Elli Bauer bei ihrer Wien-Premiere von "Stoffsackerlspruch" in der Kulisse

Elli Bauer bei ihrer Wien-Premiere von „Stoffsackerlspruch“ in der Kulisse

Elli Bauer: „Frauen im Kabarett werden schnell in eine Rolle gedrängt“

Elli Bauer ist 31 Jahre alt, hat Sozialarbeit studiert und arbeitet unter anderem als Hip-Hop-Trainerin in Graz. Vor wenigen Tagen gewann sie die beiden Kabarettwettbewerbe Ennser Kleinkunstkartoffel und Freistädter Frischling. Wie die Halbschottin zum Kabarett gekommen ist und was ihr an dieser „Männerdomäne“ missfällt, verrät sie im Interview mit kulturblogger.at.

Elli Bauer

Elli Bauers Ziel auf der Bühne ist es immer, eine gute Show abzuliefern: „Was auf keinen Fall fehlen darf: Selbstironie und eine Beziehung zum Publikum.“

Du bist nach elf Jahren die allererste Gewinnerin der Ennser Kleinkunstkartoffel. Kabarett gilt überhaupt als Männerdomäne. Warum ist das so?
Zunächst gilt der Grund, der für alle Männerdomänen gilt: Man reicht sich den Kelch untereinander weiter. Ein Muster, das einfach noch nicht durchbrochen wurde. Andererseits beobachte ich, dass Frauen im Kabarett sehr schnell in eine bestimmte Rolle gedrängt werden und diese auch teilweise selbst annehmen. Leider bedient diese oft genau die Klischees, von denen wir uns versuchen zu verabschieden: hilflos, dümmlich, hysterisch, männer- bzw. schokonarrisch, einkaufssüchtig. Selbst wenn es als emanzipiert verkauft wird, ist es meist dennoch schrill im Ton. Die Frauenrollen können dann wie Karikaturen wirken und geben selten Einblicke in wie das Leben für viele Frauen tatsächlich ist.

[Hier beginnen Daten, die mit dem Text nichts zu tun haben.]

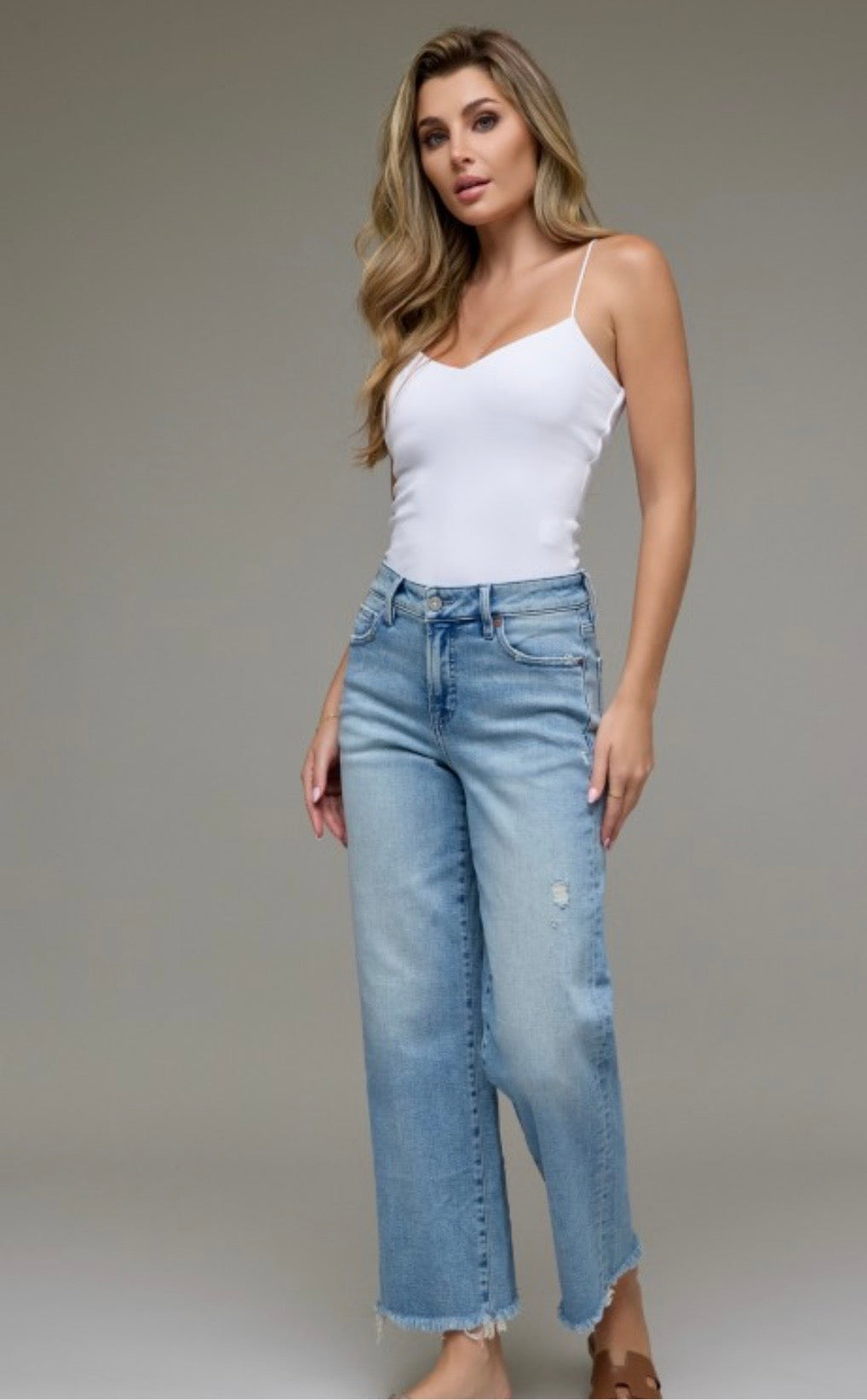 Hidden midrise cropped classic straight jeans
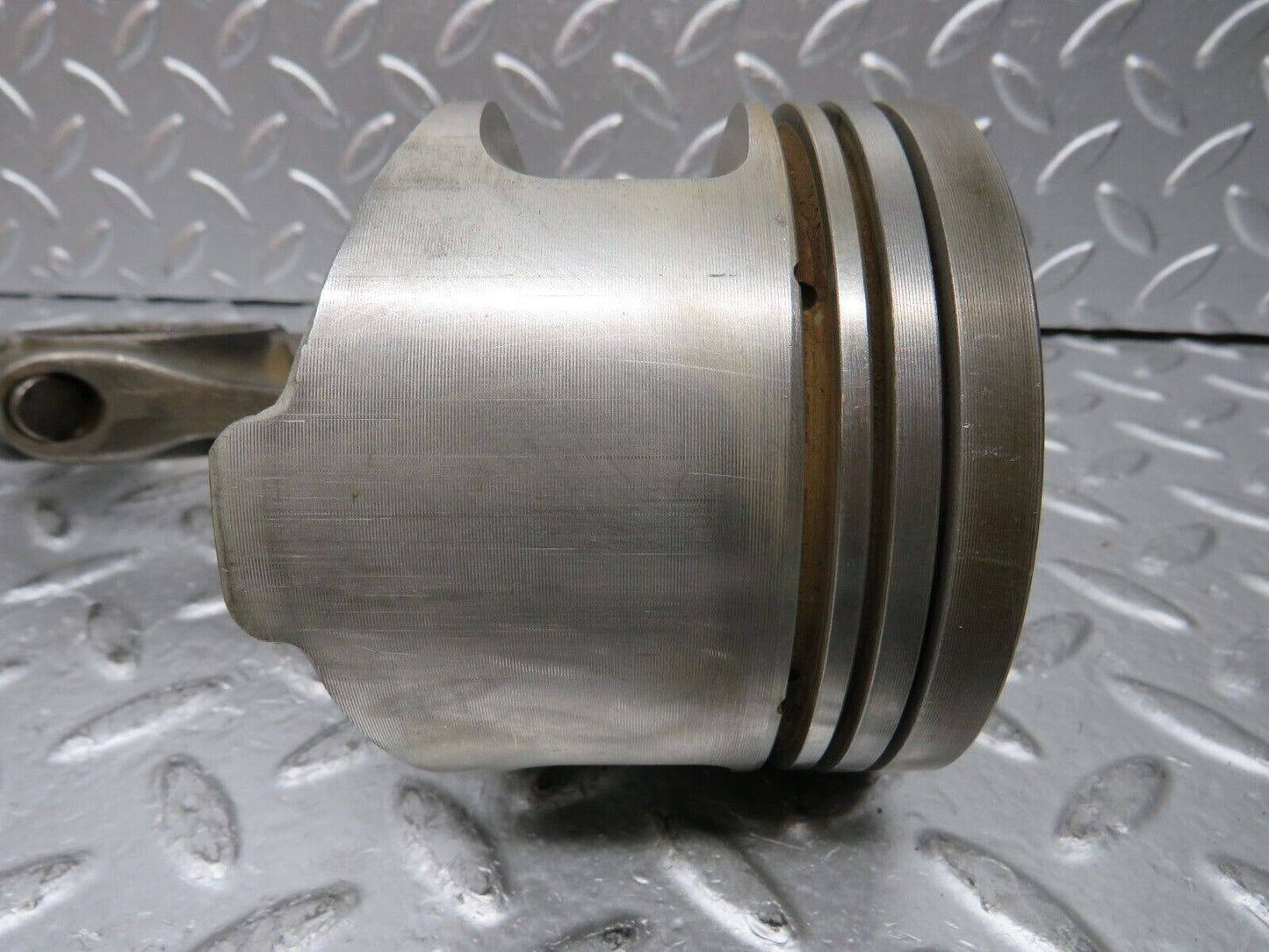 29914 Mercedes-Benz W123 230E Piston With Connecting Rod 96.47 mm 10200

„Frauen dürfen sich in vielen Lebensbereichen weniger Fehler oder Menschlichkeiten erlauben, um Wertschätzung für ihr Können zu bekommen.“

Elli Bauer, Kabarettistin

Ich denke, dass es Frauen generell schwerer fällt mit etwas Unfertigem aufzutreten, da sie definitiv schneller und stärker negativ beurteilt werden. Frauen dürfen sich in vielen Lebensbereichen weniger Fehler oder Menschlichkeiten erlauben, um Wertschätzung für ihr Können zu bekommen. Männer hingegen arbeiten oft eher nach dem Schau-ma-mal-Prinzip und stellen sich einfach auf die Bühne.

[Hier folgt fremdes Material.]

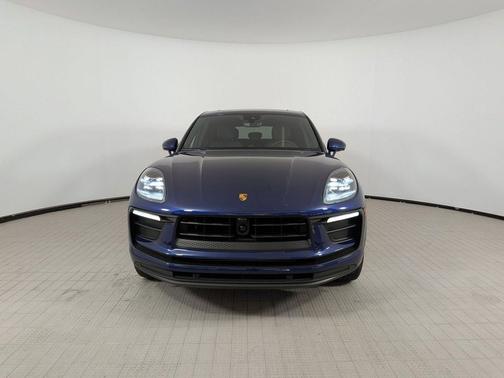 Gentian Blue Metallic 2025 Porsche Macan Macan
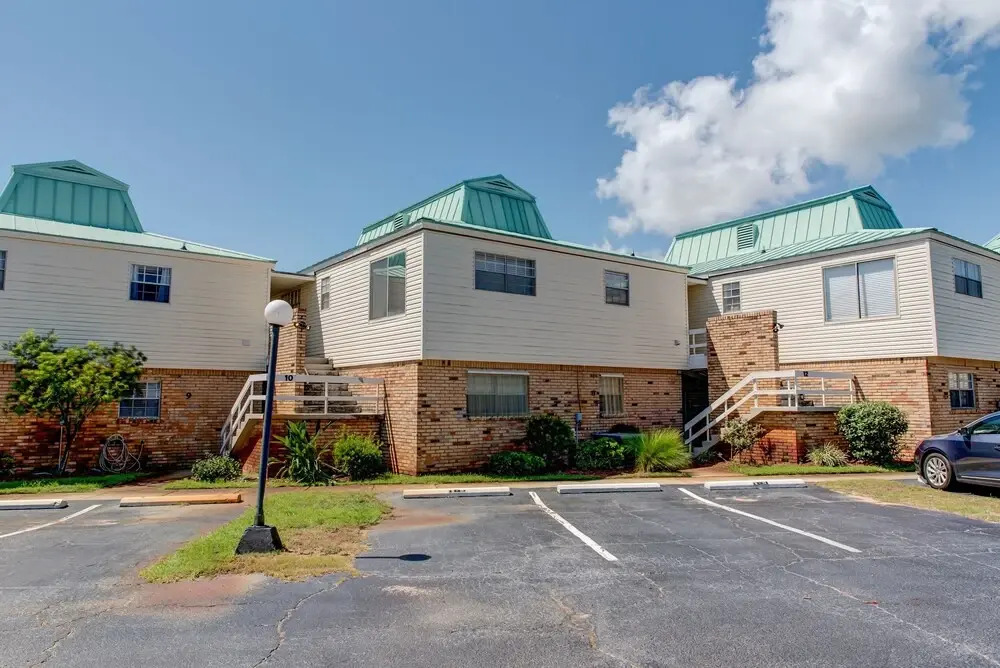 Bikinis & Martinis - Great East End Location - Swimming Pool And Boardwalk Access 3 Bedroom Condo by Redawning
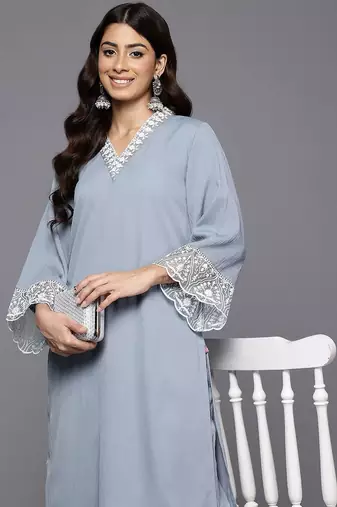 Women Floral Embroidered Regular Thread Work Silk Crepe Kurta with Palazzos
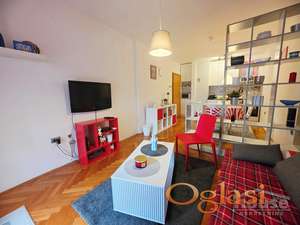 STAN - NOVI SAD - CARA DUŠANA - 61m2 - 149000 evra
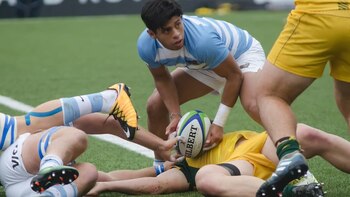 Argentina no pudo hacer valer el hombre de más y Australia se hizo fuerte en defensa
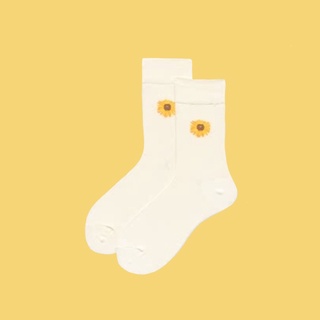 Sunflower Minimal Socks | ถุงเท้าสีขาวลายดอกไม้มินิมอล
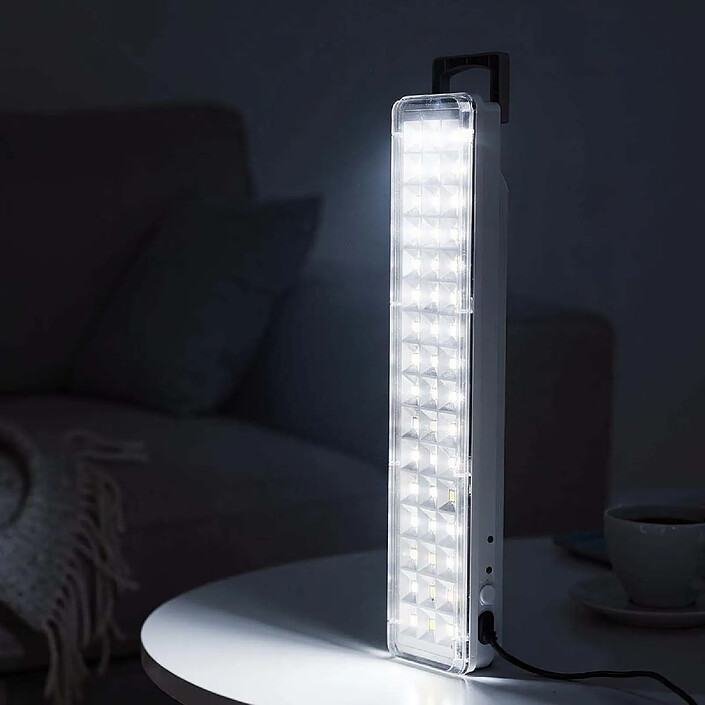 Avis Avizar Lampe d'Urgence 60 LED Haute Luminosité 3600mAh Rechargeable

Eines ist ganz klar: Kabarett ist nicht nur Gabe sondern, wie alle Bühnenkünste, eindeutig auch Übungssache. Üben heißt in diesem Fall sich einfach auf die Bühne stellen und zu reden beginnen. Meiner Erfahrung nach machen das Männer unbedarfter als Frauen, werden somit schneller besser und treten öfter auf. Generell missfällt mir diese Situation natürlich, da sie nicht ausgewogen und geschlechterbezogen ist. Ich selbst kann aus meinen persönlichen Erfahrungen aber nichts Negatives berichten. Ich bin mir meiner Sache aber auch sehr sicher.

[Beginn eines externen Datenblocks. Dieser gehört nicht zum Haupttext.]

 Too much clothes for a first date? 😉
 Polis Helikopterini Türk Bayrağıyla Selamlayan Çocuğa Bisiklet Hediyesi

Du singst etwa über Frauenarzt-Besuche. Wie wählst du deine Themen aus?
Die Themen meiner Lieder und meines Programms an sich sind immer Erfahrungen oder Beobachtungen, die ich selbst gemacht habe. Dementsprechend authentisch kann ich dann auch darüber berichten. Ich lege auch gern ein Augenmerk auf Dinge, die sehr viele Menschen betreffen, über die aber eher selten gesprochen wird.  In meinem Programm ist auch Politisches dabei.

Wie bist du zum Kabarett gekommen?
Als Halbschottin bin ich mit sehr viel britischer Comedy aufgewachsen und habe es immer schon geliebt. Vor allem die sogenannte observational comedy. Ich habe immer schon gerne Leute zum Lachen gebracht und auch immer schon gerne Musik gemacht. Irgendwann habe ich dann beides kombiniert und habe mich damit auf die Bühne getraut – und das gleich beim Kleinkunstvogel 2013. Als Test quasi, ob irgendwen interessiert, was ich darbiete. Als ich dann im Finale nur knapp den Publikumsvogel nicht gewann, war mir klar, dass das was werden könnte.